The best likeness of the Duchess in her youth is the miniature by Zincke, collection Dukeof Buccleuch, engraved by H. Meyer, 1826. [6] Walpole, 14 July 1779, wrote to Lady Upper Ossory that 'Lady Jane Scott . . . has found in a cabinet at Ham a most enchanting picture in enamel by Zincke of the Duchess of Queensberry, which the Duke always carried in his pocket . . . in white with the hair all flowing, and beautiful as the Hours in Guido's "Aurora", and very like her to the last moment'. [7] The portrait was found in the house at Petersham, within the manor of Ham, which Lady Jane inherited from the, Duke of Queensberry. [8] A copy by Margaret (Smith), Countess of Lucan (d.1814), is in the Portland collection. [9] A portrait of the Duchess as a shepherdess by Kneller, lent to the ‘NPE', 1867 (156) by the Earl of Essex, has sometimes been questioned. Her eldest sister Jane, however, married, 1718, the 3rd Earl of Essex and portraits of both were in the sale of Kneller's remaining works, sold by Cock, 18 April 1726, lot 74, Lady Catherine Hyde, and lot 248, The Countess of Essex. [10]

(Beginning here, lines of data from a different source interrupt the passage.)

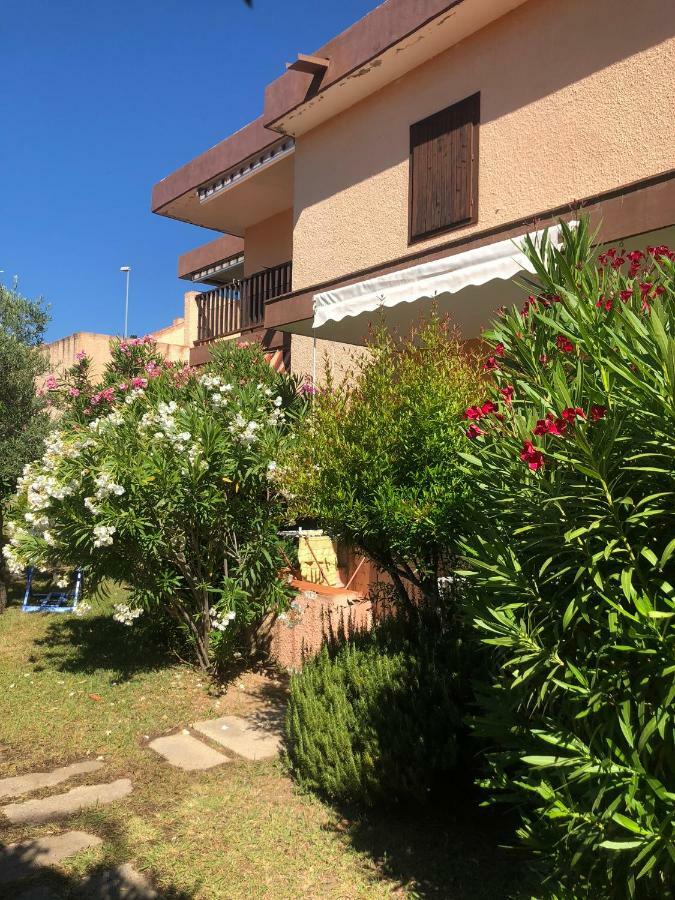 Bilocali Residenza Mediterranea Cannigione Exteriér fotografie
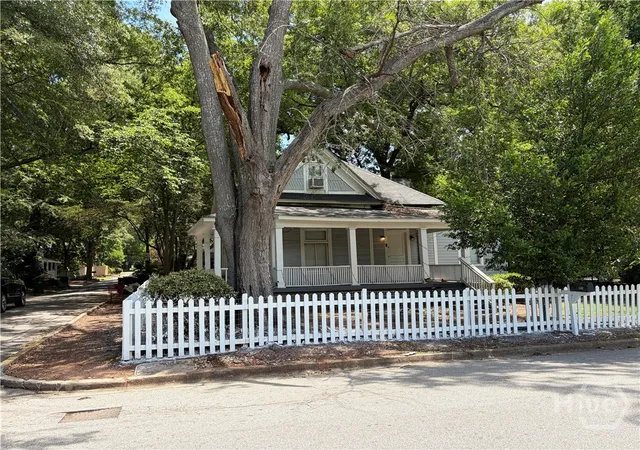 Photo 2 of Single family home for sale at 390 N Chase St, Athens, GA 30606 | MLS# CL359078 | Listing updated on 2026-08-17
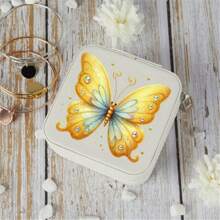 8 Stücke/Set UV DTF Transferaufkleber mit glitzernden Schmetterlings-Mustern - wasserbeständig und kratzfeste Aufkleber, selbstklebend, geeignet für 16 Unzen Libbey Gläser, Tassen und Flaschen - Rosa, Rot und Lila, perfekt für Glas- und Flaschen-Dekoration, DIY-Basteleien (Tassen nicht enthalten)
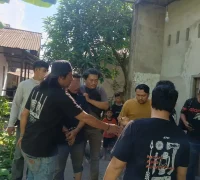 Petugas Polres Kubu Raya mengamankan tersangka kasus dugaan kekerasan seksual terhadap anak usai ditangkap di kawasan Tanjung Hulu, Kalimantan Barat.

A half length by Mrs Delany, formerly in the collection of her sister Ann Granville, later owned by the latter's descendant Lady Llanover, is now known only from a 19th century engraving by J. Brown. [11] Zincke's miniature after 'a portrait by Mrs Delany formerly in her possession' was in the collection of Sir Arthur Harford, Bart. [12] The portrait of the Duchess with her husband and children in the Buccleuch collection, although lately attributed to Hudson, seems on stylistic grounds to be from the studio of Vanloo. A single portrait with head inclined against her left hand, is in the same collection with versions at Scone, Earl of Mansfield, attributed to. Vanloo, and in the Clarendon collection; the latter is inscribed 1748, [13] probably the date of the type. The portrait was first engraved, unattributed, by J. Ogborne from a. drawing by S. Harding, 1810, and in 1857 by W. Greatbach, wrongly as after Jervas. A pastel and oil replica of a portrait showing the sitter in old age, artist unknown, are at Drumlanrig, the former attributed to Catherine Read and apparently painted for Lord Thurlow c.1775. Versions of the type are the longer half length from the collection of the Duke of Sutherland and an oval head and shoulders belonging to Earl Cathcart, both in the 'NPE' of 1867 (296 and 278).

Notes

1. Scharf, p.369
2. C.H. Collins Baker, p.63 (374)
3. This has the same design as the whole length portrait of Mary Warde by A. Devis at Squerryes Court but neither NPG 238 nor any of the related portraits appear to be by this hand.
4. Lady Lewis, III, p.419
5. Lewis, 32 (Countess of Upper Ossory), I, pp.132-33
6. Sir R.C. Hoare, History of Modern Wiltshire, III, 1826, p.79
7. Lewis, 33 (Countess of Upper Ossory), II, p.110
8. Ibid, nn 18, 22
9. Goulding, p. 159 (233)
10. Lugt (394)
11. The Autobiography . . ., 1st series, I, opposite p.4; Burke, Peerage, 1862, p.666
12. Steegman, II, p.29 (22)
13. Information kindly supplied by R. Gibson, 1973, who points out that as with other copies in the Clarendon collection the dates inscribed are of the originals, not the copies.